In Colombia, President Juan Manuel Santos—himself often a Caracas critic—urged Pence not to intervene in the conflict. Santos' warning was echoed around Latin America—in Mexico City, in Lima, and beyond. "To judge from the response to Pence's recent comments, it would rally all of Venezuela's neighbors, who have no good reason to love Maduro, over to his side," says Anthony Pagden, a University of California–Los Angeles political science professor whose work has focused on Latin America and the political theory of empire.
But with the White House ignoring those pleas, the Trump administration is playing directly into Maduro's hands. What Washington has failed to take into consideration is the negative reception U.S. interventionism—the kind Trump promised on the campaign trail to avoid at all costs—receives internationally.
"Any time the U.S. has moved to sanction or otherwise pressure Venezuela's government, Venezuela has skillfully pointed to the specter of imperial designs to rile up its base at home and its allies abroad. Instead, other regional actors have, of late, taken the lead in pressuring Venezuela's government diplomatically to change its behavior," says Alejandro Velasco, professor of modern Latin American history at New York University and author of Barrio Rising: Urban Popular Politics and the Making of Modern Venezuela. "For the U.S. to discount and sidestep those efforts by moving unilaterally against Venezuela would mean untold harm to the country's population in the short and medium run, and yet more confirmation, for a new generation, that the U.S. views the region as little more than its backyard to do with as it pleases."
The mess Trump's tough talk has made over Venezuela is par for the course internationally, analysts say.
"So far, none of the crises the Trump administration inherited or has faced internationally have shown any signs of improving or moving toward any kind of resolution," Velasco says. "If anything, they have grown worse, alienating erstwhile allies while courting the support of [one-time] adversaries. On that score alone, it is difficult to conclude that Trump's foreign policy has been successful."
UCLA's Pagden agrees. "It smacks very much of the saber-rattling in North Korea. In both cases it can serve only to strengthen regimes which wish to represent themselves to their peoples as the only protection against an 'evil empire' waiting only for the opportunity to destroy them," he says. And in Syria, a sudden deluge of tough talk against the administration of President Bashar al-Assad "never came to anything and now seems to have been largely abandoned."

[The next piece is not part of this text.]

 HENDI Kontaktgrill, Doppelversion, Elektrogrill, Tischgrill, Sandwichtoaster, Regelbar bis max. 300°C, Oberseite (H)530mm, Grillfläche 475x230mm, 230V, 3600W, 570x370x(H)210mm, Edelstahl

"From abroad, no matter where you are the story seems to be the same: ineffectual, imprecise, ill-considered bombast followed by silence a then a sudden shift to something else usually something personal," Pagden says. "In general, however, the overall impression is that Trump and his advisors have no foreign policy objectives at all. But then you do not need me to tell you that."
It would be ill-advised to continue that pattern in Latin America, Pagden warns.
"It might also be wise to remember Bolivar's departing remark that attempting to govern in Spanish-America was like 'ploughing the ocean,'" he says, referring to Simón Bolívar, the Venezuelan military leader credited with earning independence from Spain for many Latin American countries.
As the Trump administration fumbles its foreign policy, it appears that even Maduro's critics are quick to offer the U.S. a history lesson.